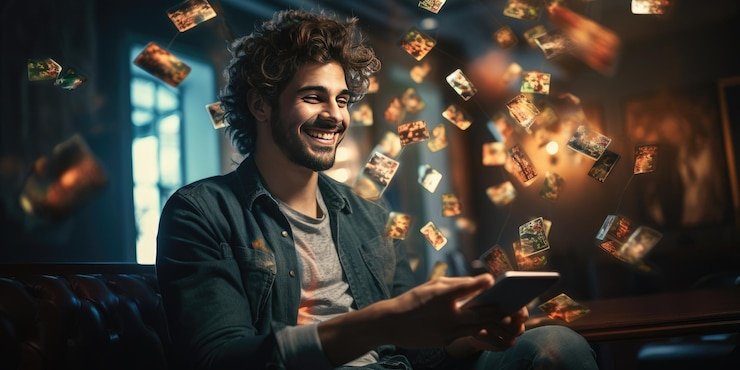 Pengingat dewasa saat menikmati slot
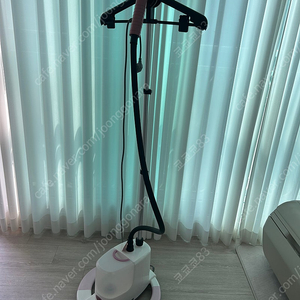 한경희스팀다리미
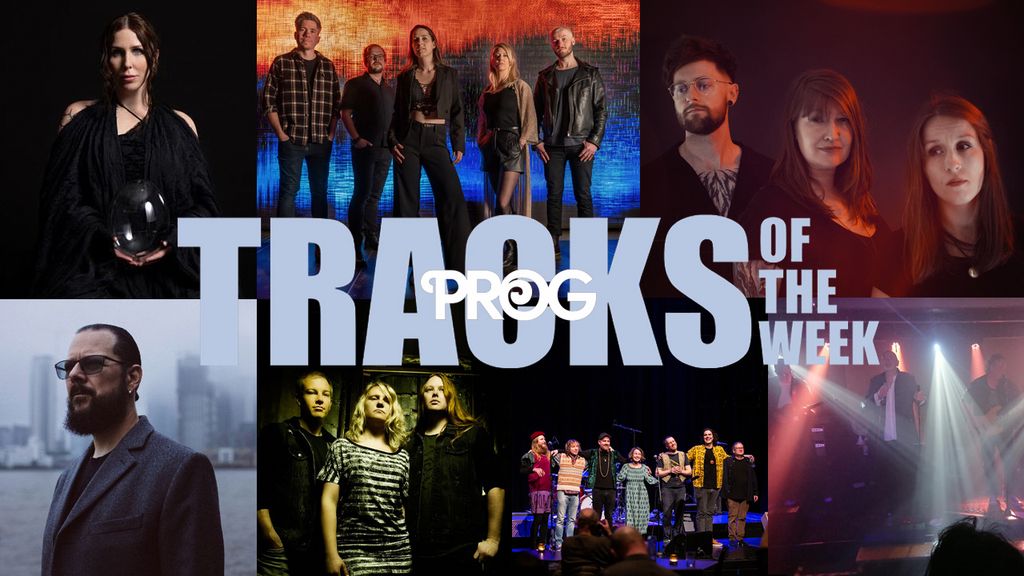 Cool new prog sounds from Lesoir, Ihsahn, Chelsea Wolfe and more in Prog's new Tracks Of The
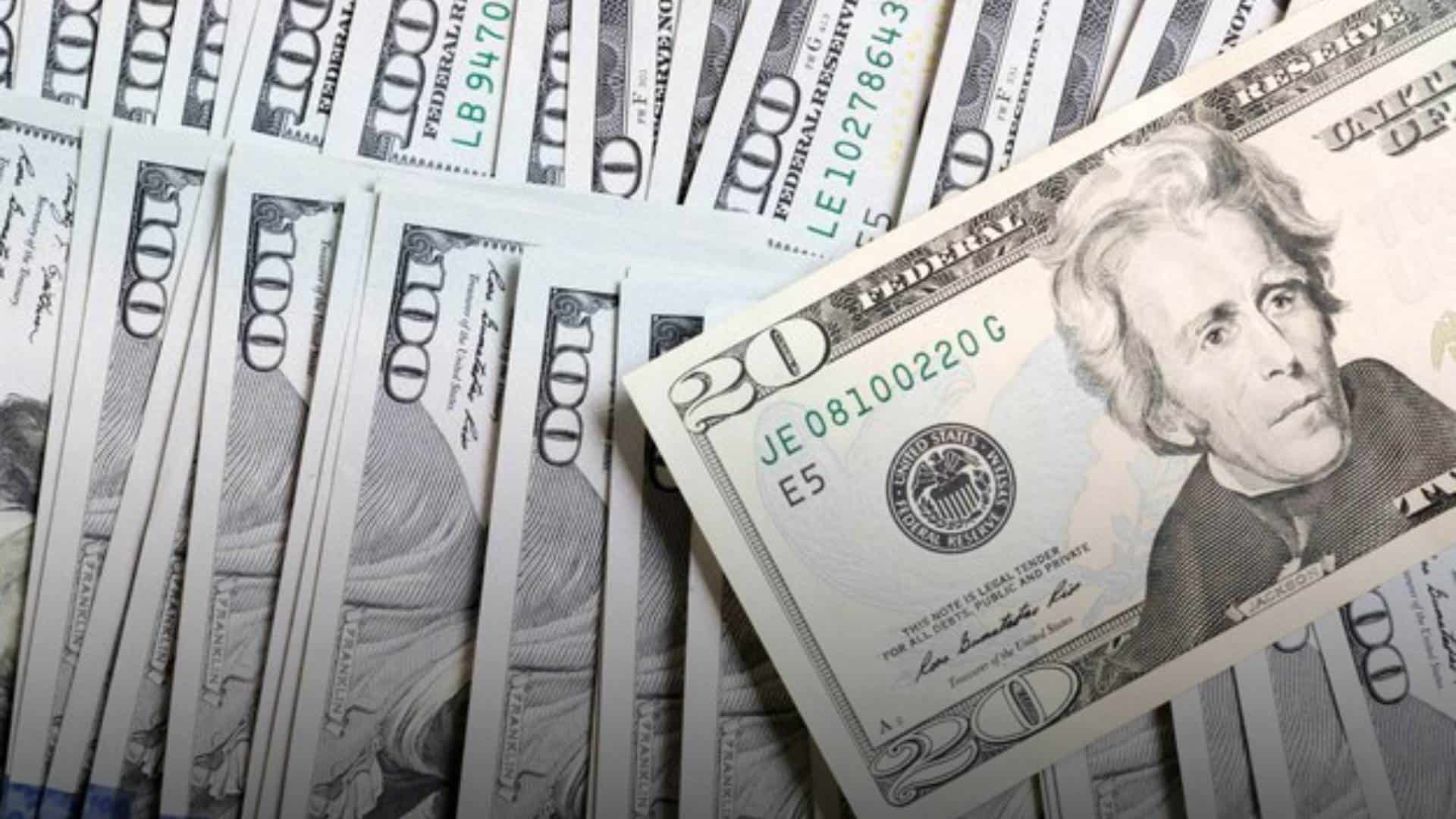 Precio del dólar hoy jueves 9 de enero: La moneda nacional se mantiene estable 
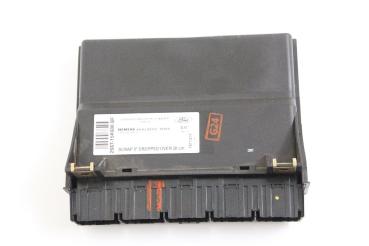 Steuergerät Zentralverriegelung 2S6T15K600BF Ford FUSION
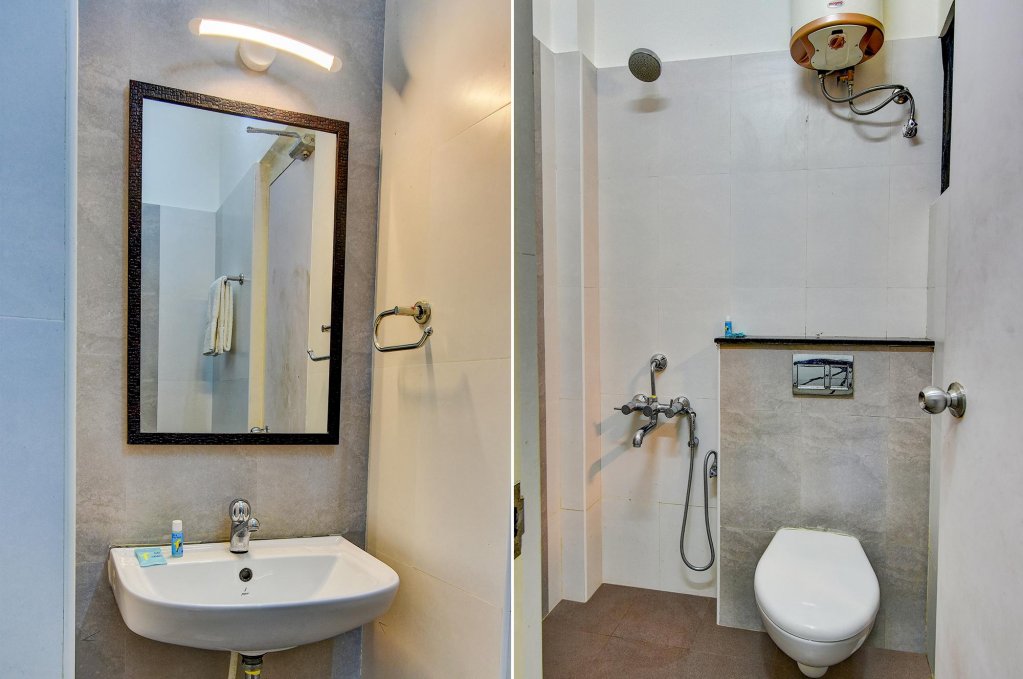 Фото Fabexpress P. A. S Residency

══════════════════════════════

:: Exercise ::
The pictures should be dropped, and every line above should be set down again exactly.

:: Answer to this exercise ::
 Pengingat dewasa saat menikmati slot
 한경희스팀다리미
 Cool new prog sounds from Lesoir, Ihsahn, Chelsea Wolfe and more in Prog's new Tracks Of The
 Precio del dólar hoy jueves 9 de enero: La moneda nacional se mantiene estable 
 Steuergerät Zentralverriegelung 2S6T15K600BF Ford FUSION
 Фото Fabexpress P. A. S Residency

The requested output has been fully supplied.